The two main takeaways from this post are:
- The Router LSA describes P2P links using two links; a P2P link-type describing the topology and a stub network link-type describing the subnet (or prefix).
- The stub network is included so that you can reach the P2P link ip addresses from remote routers.
 In OSPFv3 the prefix information has been split off into a new LSA type; the Intra-Area-Prefix LSA.
 I’ve excluded unnumbered links from this example as I don’t want to overcomplicate things.
13 thoughts on “OSPF – Why are Router LSA P2P links so complicated?”
Nice writeup John. Looking forward to seeing where this goes.
Thanks Peter. I’m planning to use this post as a lead into exploring the OSPF ‘stub-router’ and ‘prefix-suppression’ features.
How about a write up on IS-IS? OSPF has too many enterprise-y features (virtual-links being one). IS-IS seems really more suited to serious network operators who care about Loopbacks only being in the IGP.
Hi Minou, Thanks for the feedback. IS-IS is definitely used by many large carriers, and has a great reputation for stability. The bulk of my experience is with OSPF however, so I’ll continue with the OSPF series for now. I’m not a big fan of virtual links either, but they are a nice tool to have in your back pocket when needs must.

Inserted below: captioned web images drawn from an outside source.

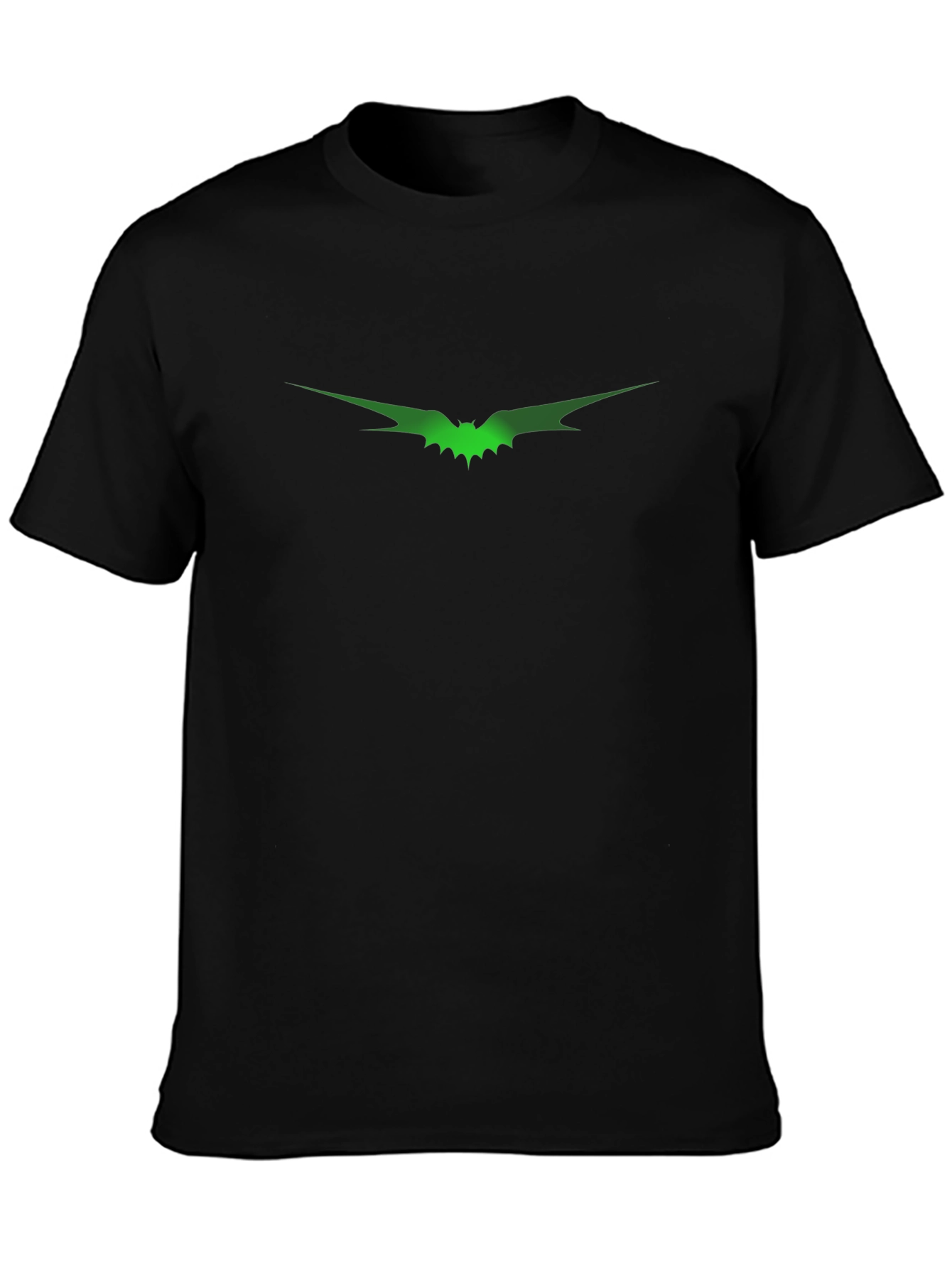 Mens Black T-Shirt with Green Bat Graphic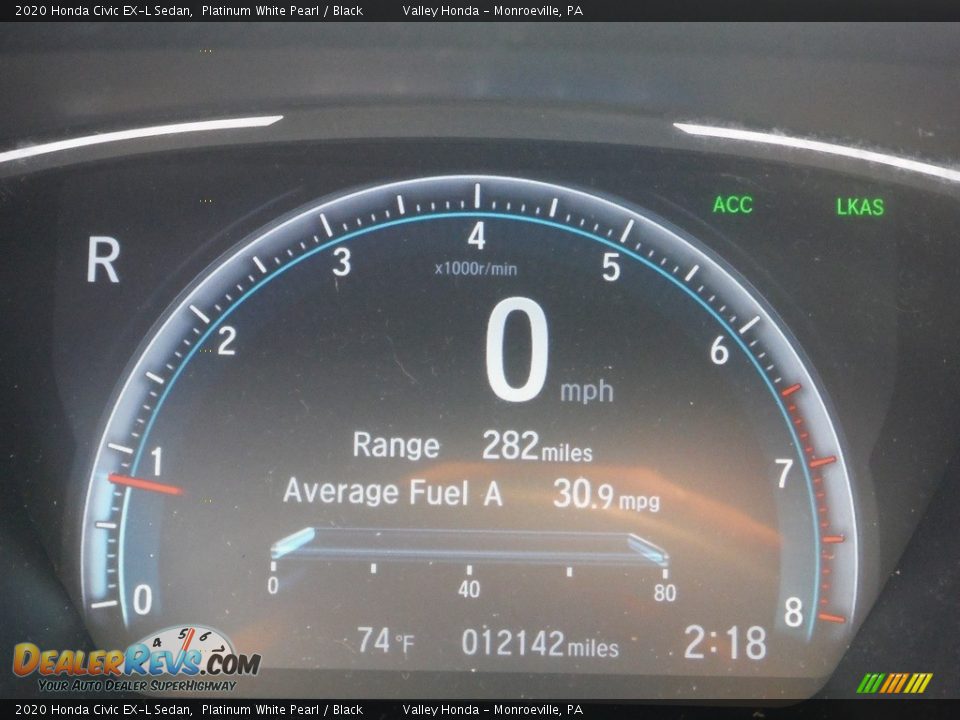 2020 Honda Civic EX-L Sedan Platinum White Pearl / Black Photo #33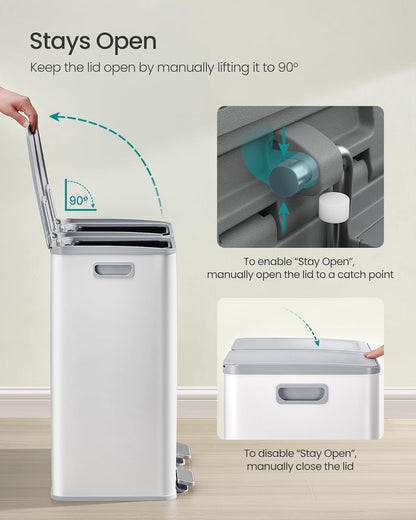 Trash Can, 2 X 8 Gallon (2 X 30 L) Dual-Compartment Garbage Can with Soft-Close Lid, Pedal and Inner Buckets, Stainless Steel, Includes 15 Liner Bags, Matte White ULTB741W01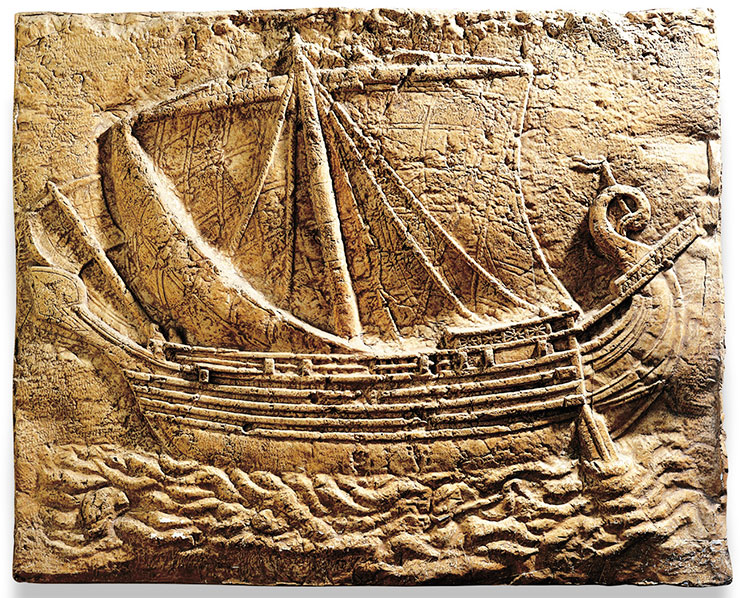 Phoenician ship carved into the front of a sarcophagus from Sidon, 2nd century AD. © CC BY-SA 3.0/NMB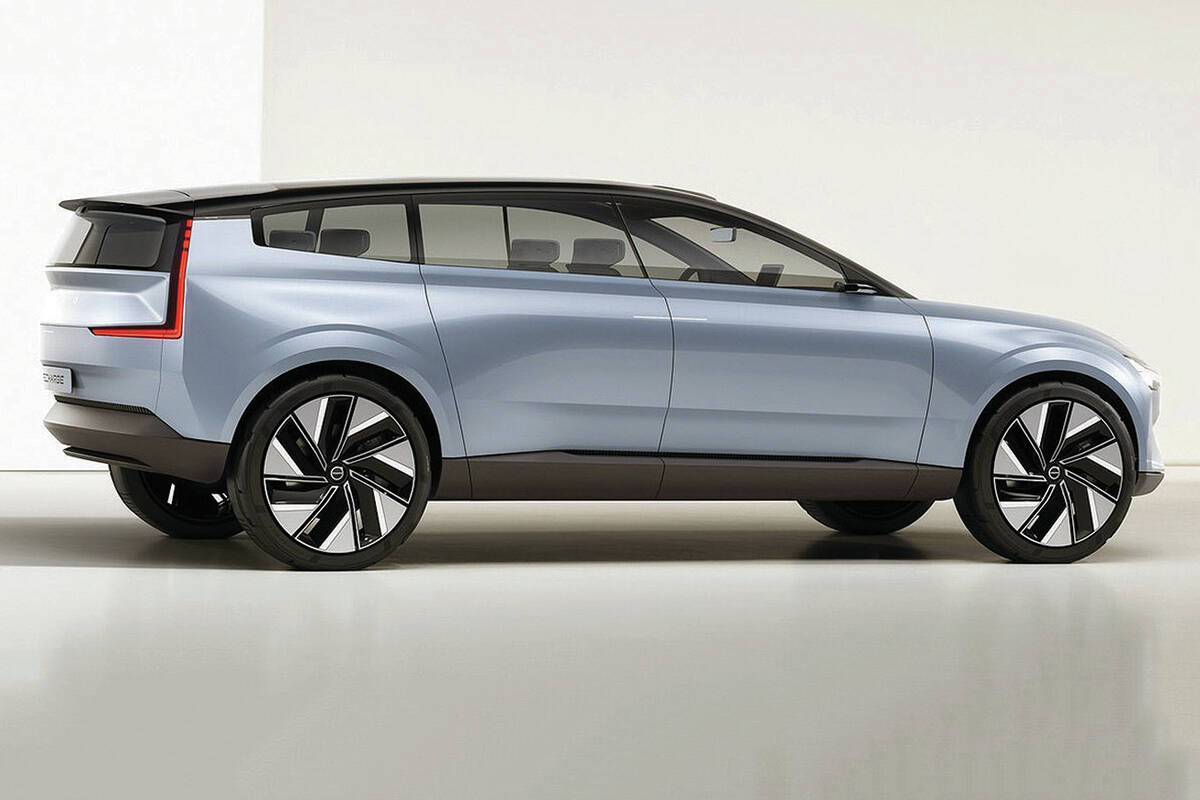 Volvo’s wagon roots are showing in Concept Recharge, a battery-electric prototype that, for now, has no roots in reality. PHOTO: VOLVO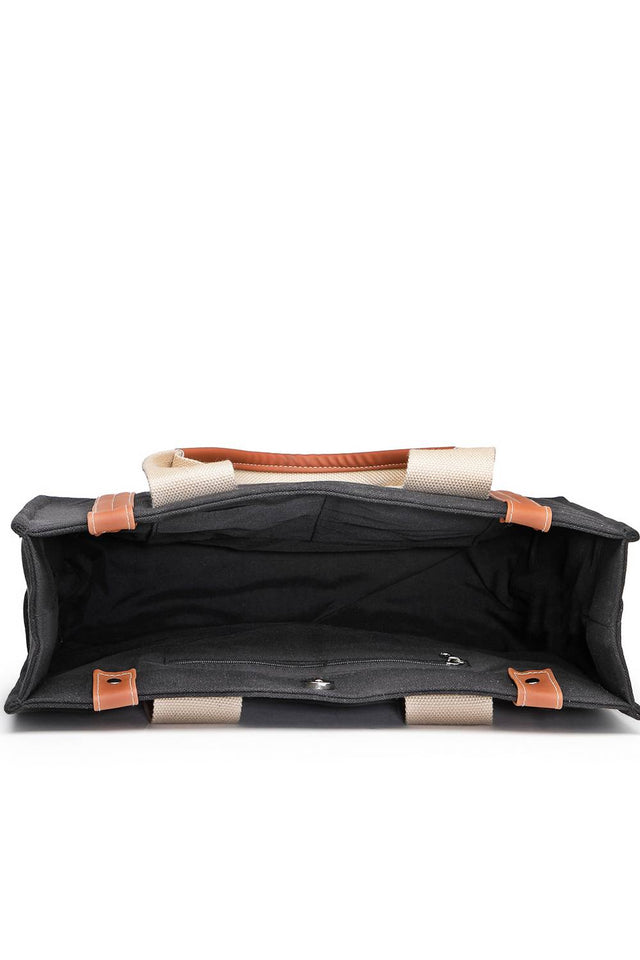 Black Solid Colorblocked Cotton Hand Bag (ADB5351B)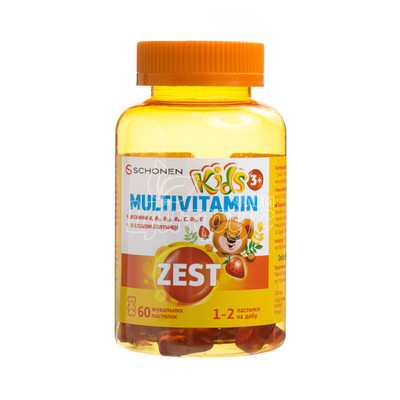 Зест (Zest) Кідс Мультивітамін (Kids Multivitamin) жувальні пастилки 60 штук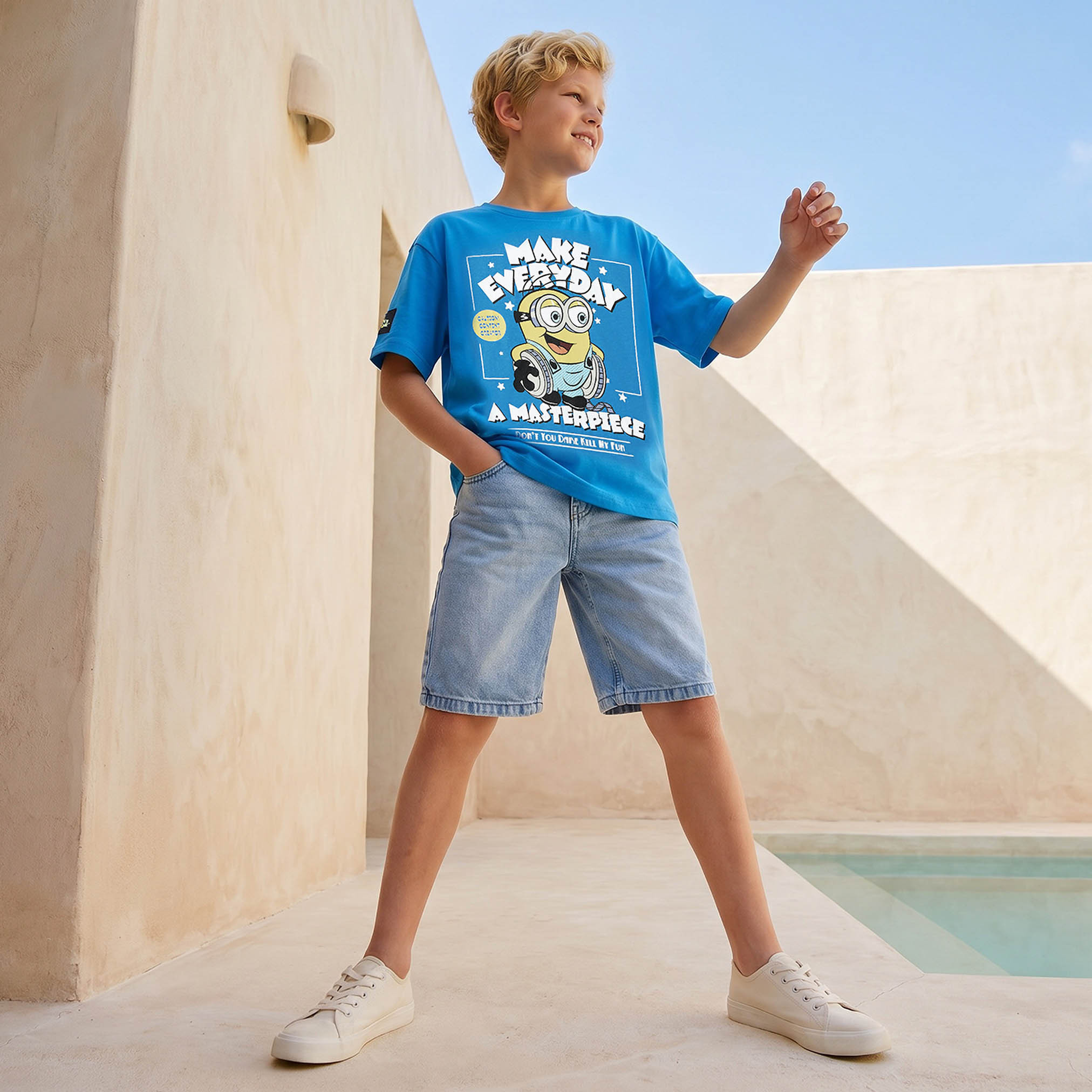 Crew Neck Short Sleeves T-shirt with Minions Print-boys-clothing-tshirtsandpolos-image-5
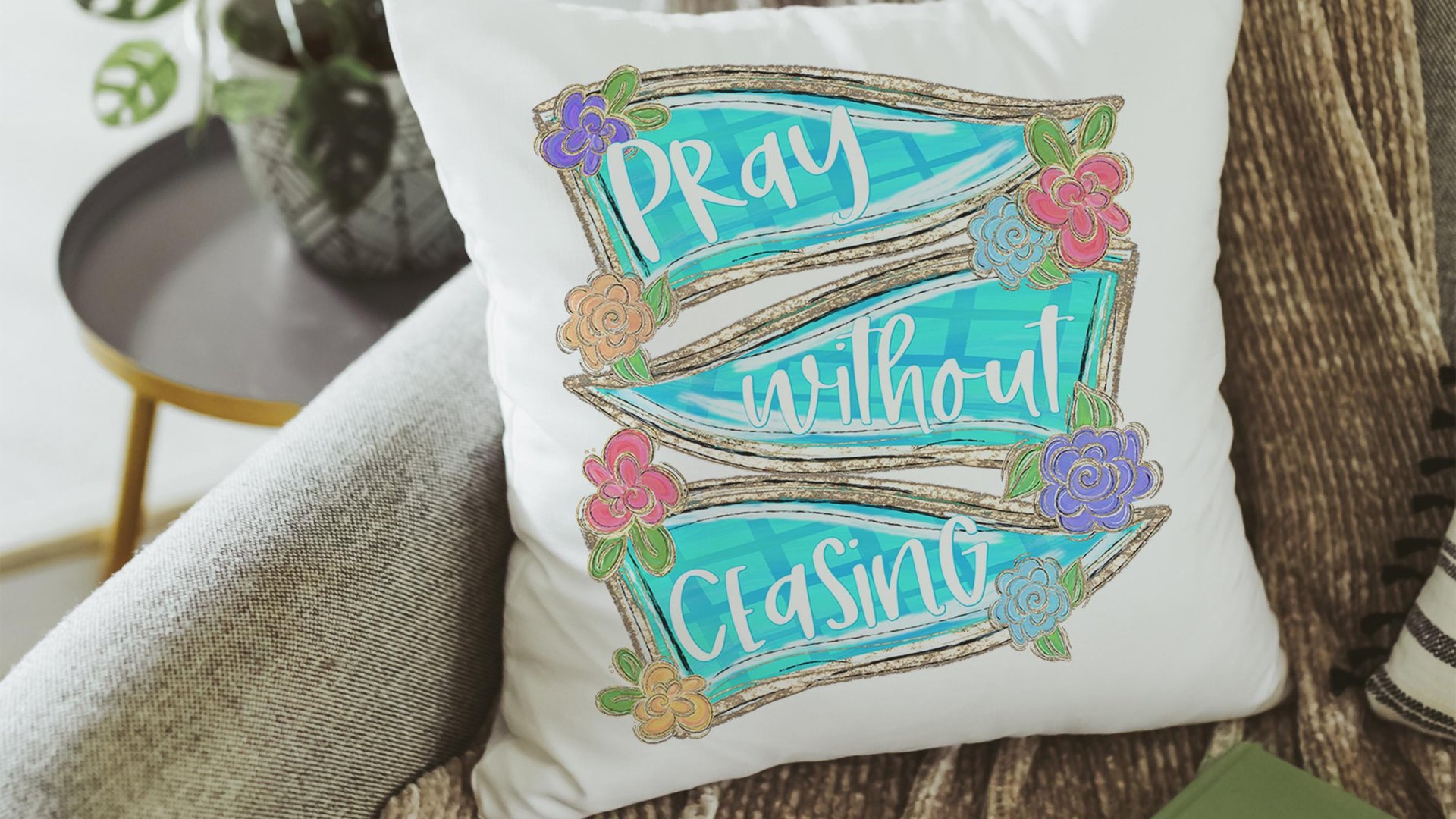 pray without ceasing tea towel for friend, scripture throw pillow for bed, 1 Thessalonians 5:17 Bible verse kitchen decor, Christian gifts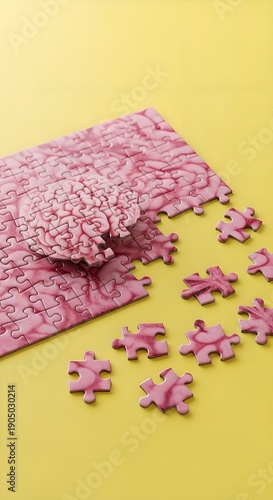 Surreal Folded Pink Floral Jigsaw Puzzle Scattered Across Bright Yellow Surface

For me it was always difficult to read LSAs (and still is). I am reading though your OSPF series now. Great post, thanks mate.
Thanks for the comment. I’m glad I could help. I’m planning a few more OSPF posts. Let me know if there’s anything else about OSPF that you find confusing, and I’ll see if I can work them into the series.
Nice article John, indeed.
I would appreciate your comments on one related topic – advertisement of loopback interfaces in router LSA. Are all the loopback interfaces created on the router by default advertised in router LSA or some additional configuration is needed? Secondly, does it make any difference in advertisement if one of the loopback interfaces is also getting used as router-id?
Also, I would like to repeat my first question for directly connected subnets (router interfaces on which ospf is not enabled i.e. no “network” command is given, so basically they are pure stub networks).
There’s no automatic advertisement of loopbacks or any other directly connected networks in OSPF. For Cisco you’ve got a few options as to how to configure a set of interfaces. The router-id is just a node identifier, the use of the loopback is mainly because it’s the interface least likely to change. But I’ve seen devices with RIDs where the loopback it sourced it’s ID from was removed years earlier (device hadn’t rebooted).
If you want an interface to appear in a router LSA, you must OSPF enable that interfaces in OSPF. You can set passive-interface default if you wish. Let me know if that answers your questions.
I think it’ll be better if you provide the transit link explanation compared with p2p link case. That way the audience can get a clear picture of why non-p2p link doesn’t have two type-1 LSAs to describe the existence of a router.
Fair point. I’ll see what I can do.
Nice Article john. It clears lot of ospf hidden details.
can you please post article related to Network LSA, which is different from Router LSA.
great effort! now getting clear understanding.